Voilà que ma mère se fait sermonner pour la cinquième fois de l'année. Et prochainement, ce sera moi, en sortant de ce bureau. C'est encore une nouvelle pulsion que je n'ai pu contenir, pourtant je fais tout pour ne pas faire face à ce sentiment de plaisir qui me terrifie. Mais en éclatant le nez de John, mon prof d'art, j'ai ressenti ce frisson qui me tourmente tant. Je n'ai pas envie de dire « je me sens différente », mais je ne pas le nier, c'est le cas. Je ressens du plaisir dans la douleur des autres. Je n'aurais voulu jamais ressentir ce besoin de chercher le plaisir dans la souffrance, mais c'est comme une addiction. Je ne peux pas m'en passer. Je fais tout pour contenir cette part de moi, mais je ne pourrais pas la cacher éternellement, la preuve, je suis là avec ma mère dans le bureau du proviseur.

Nous pouvons essayer de revenir dans mon enfance pour comprendre d'où vient cette envie, mais ce n'est pas très pertinent. La première fois que j'ai ressenti ce besoin, c'est lorsque j'étais au collège. Une fille de ma classe s'était moquée de moi et m'avait jeté le contenu de mon assiette de cantine en plein visage. Je n'étais pas une élève bagarreuse ou violente, mais à ce moment-là je n'avais qu'une seule envie, la détruire. Alors j'ai tout simplement pris mon plateau en main et je l'ai éclaté une vingtaine de fois sur le visage de cette fille. La scène était tellement violente que certains élèves ont vomi leurs repas. Ce sont trois dames de cantine qui m'ont arrêté par peur que je tue cette fille. Je l'avais tellement frappé que, je pense, même ses parents ont eu du mal à la reconnaître. Mais le plus important dans cet événement, c'est ce que j'ai ressenti pendant que je l'ai frappée.

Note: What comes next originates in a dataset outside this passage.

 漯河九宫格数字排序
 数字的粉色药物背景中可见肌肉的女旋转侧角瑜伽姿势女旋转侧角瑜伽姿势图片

Des frissons, une explosion émotionnelle, une pure extase digne d'un orgasme et ça m'a terrifié. J'étais jeune, je n'avais pas encore compris que ça allait être le début d'un enfer émotionnel. Par la suite tout a empiré, j'avais envie de ressentir ce plaisir encore une fois et plus encore sans jamais être rassasiée.

Face à mon excès de violence, mes parents m'ont emmené voir un psychiatre. Je n'ai pas dit grand-chose sur ce que je ressentais parce que j'avais honte, alors on m'a tout simplement diagnostiqué TEI, trouble explosif intermittent. On m'a depuis prescrit des médicaments pour gérer mes émotions et éviter cet « excès d'impulsivité ». Mais en fait, je ne suis pas impulsif, du moins très peu par rapport aux personnes ayant vraiment ce trouble. Je ne peux rien dire, car je ne veux pas parler de ce que je vis, alors j'accepte les médicaments en espérant que cela agisse sur ce que je ressens réellement. Même si je n'ai aucune idée de ce que c'est.

D'ailleurs, on peut constater que les médicaments marchent super bien, étant donné que je connais plus le bureau du proviseur que ceux de mes profs.

- Nous pouvons trouver un arrangement, n'est-ce pas monsieur le proviseur ? Je suis sûre que votre femme ne sera pas ravie de savoir où vous mettez votre argent tous les week-ends ?

- Vous me menacez, Madame Murphy ?

Oui, ma mère te menace et tu vas forcément craquer pour ne pas briser ton mariage. Elle est bien plus forte que toi à ce jeu. Et je la remercie pour ça, même si un petit pot de vin, aurait été plus rapide.

- Voyez-le comme un avertissement. N'oubliez pas qui je suis.

- Bien, je crois qu'on va arrêter cette conversation ici. Ça passe pour cette fois-ci encore, mais il n'y aura pas de prochaine fois.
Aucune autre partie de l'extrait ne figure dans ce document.